DDOS ataklarının hedefindeki kurum(lar), etkilenen servis(ler), kesintinin zamanı, kesintinin süresi, servisi alan kullanıcılar, servisin yerel/global etkisi vb. göz önüne alındığında, bu saldırıların çok farklı amaçlar için yapıldığını söylemek mümkün.
Gelin şimdi DDOS ataklarının boyutlarına, ataklara karşı alınabilecek önlemlere birlikte bakalım:
Atakların hedefine dair:
Bu alanda faaliyet gösteren, ürün/teknoloji geliştiren kurumların raporlarına baktığımızda, son zamanlarda DDOS saldırılarının daha çok; jeopolitik gelişmeleri ve siyasi gündemleri etkilemek, fidye talep etmek, hayatı olumsuz etkilemek, rekabette avantajlı duruma geçmek için rakibi sekteye uğratmak ve ‘siber dünyadaki en etkin savaş aracı’ olarak kullanmak gibi amaçlarla düzenlendiğini görüyoruz.

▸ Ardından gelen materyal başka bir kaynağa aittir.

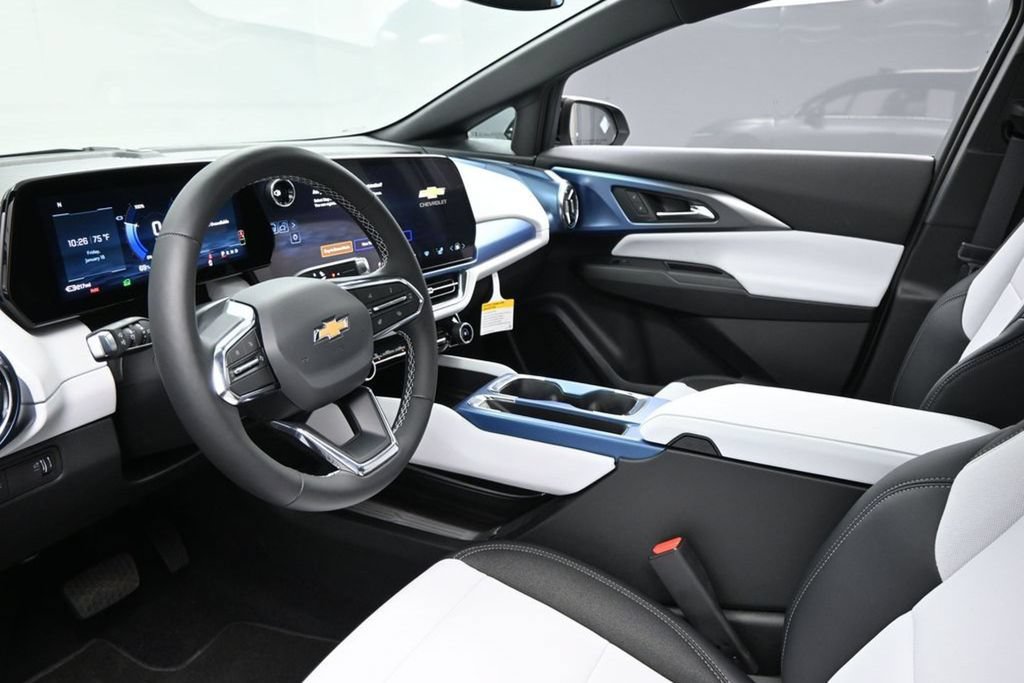 2026 Chevrolet Equinox EV 2LT - Photo 7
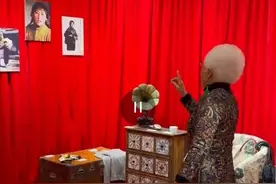 上海奶奶逛展时看到50年前的自己，工作人员：想给她一个惊喜图片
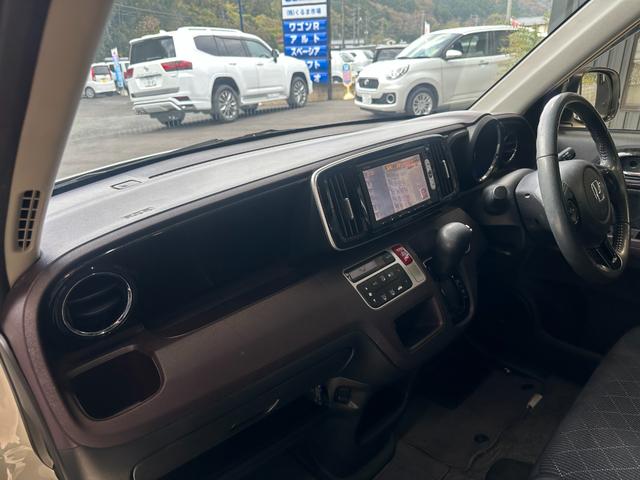 Ｎ－ＯＮＥ プレミアム・Ｌパッケージ　１年保証　走行無制限　純正ナビ　Ｂｌｕｅｔｏｏｔｈオーディオ　ワンセグＴＶ　ＥＴＣ　ＨＩＤヘッドライト　オートライト　アイドリングストップ　フォグランプ　プッシュスタート　スマートキー　アルミホイール（43枚目）
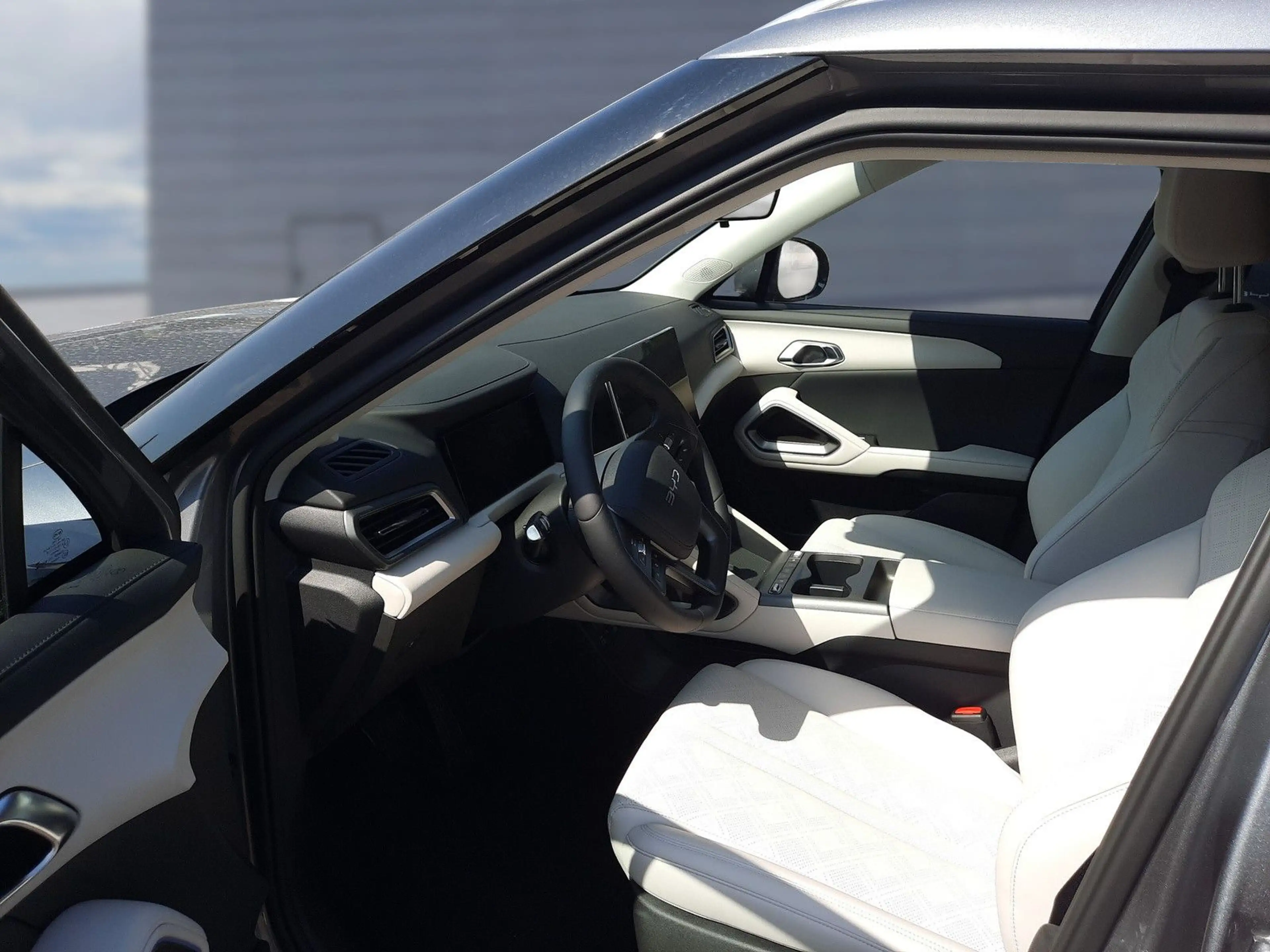 BYD Atto 2 DM-i Boost Navi LED — photo 11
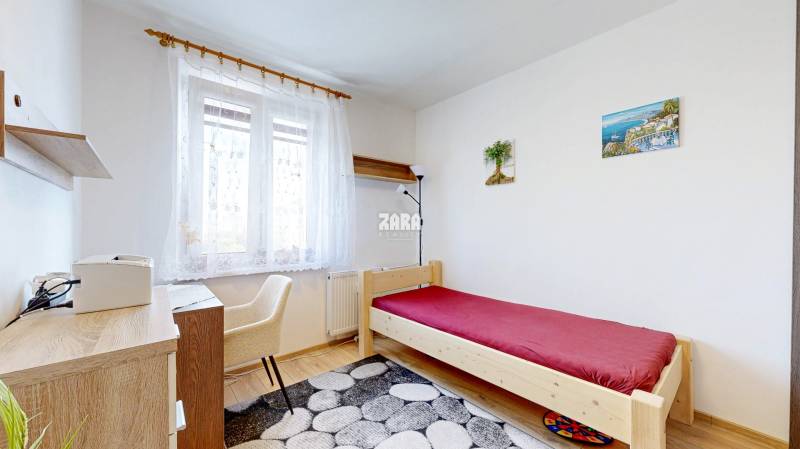 TERASA - PRAŽSKÁ. 2 izb. byt po KR, výborná lokalita. 52m2. ODPORÚČAM.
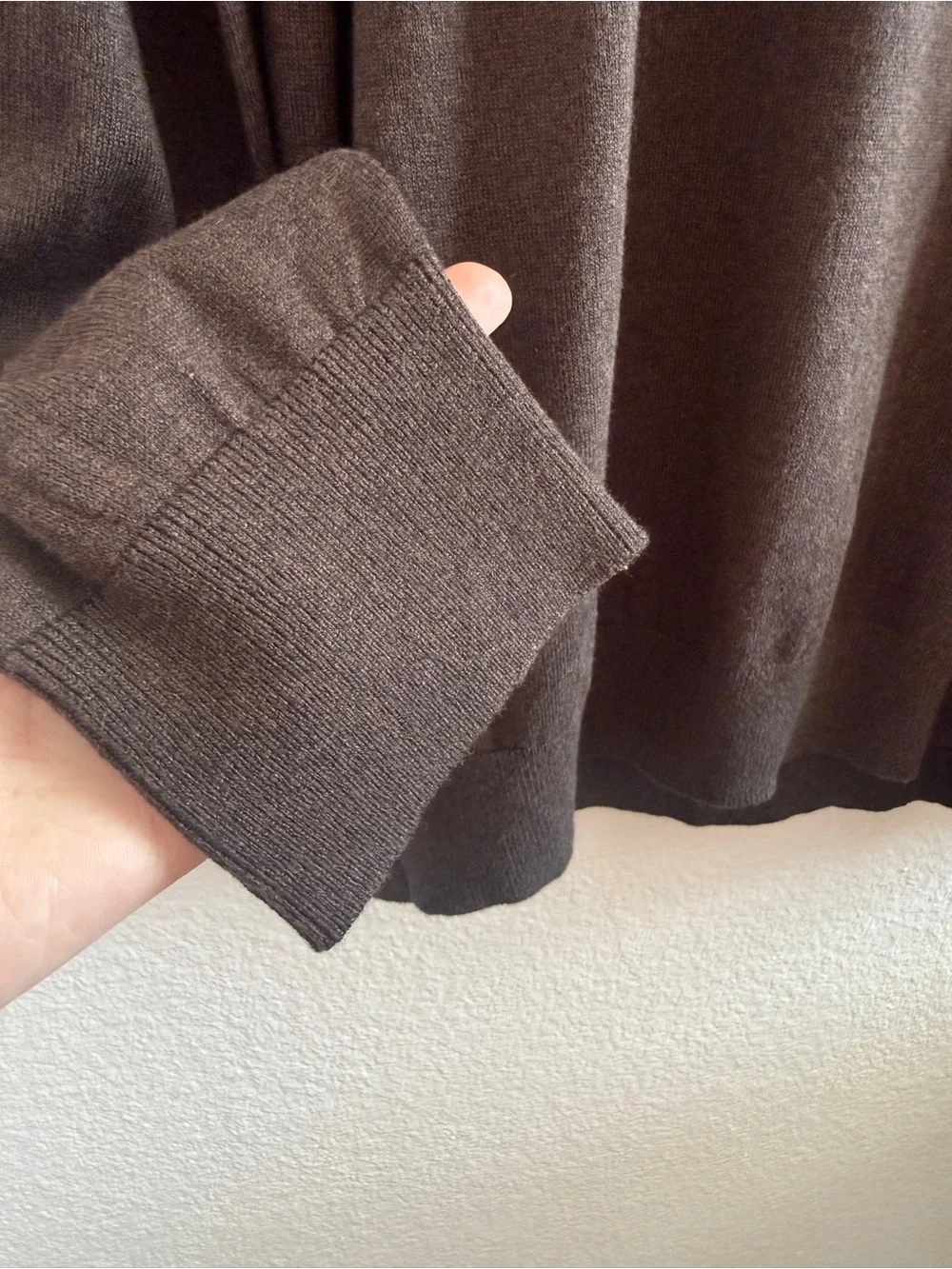 Banana Republic Men’s Brown Silk, Cotton & Cashmere Luxury Blend V-Neck Sweater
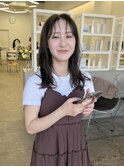 グレージュカラー×ミディアムレイヤー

Şu ana kadar açıklanan en büyük DDOS atağı GitHub isimli uygulama geliştiricileri tarafından çokça bilinen ve kaynak kodu yönetimi amaçlı kullanılan bir siteye, 2018 Şubat ayında yapıldı. Bunun yanı sıra; yine 2018 yılında, DDOS Engelleme Servisi veren firmalarca kayda geçen ancak; hedefin kim olduğu açıkça bilinmeyen bir DDOS atağı yaşandığı da tespit edildi.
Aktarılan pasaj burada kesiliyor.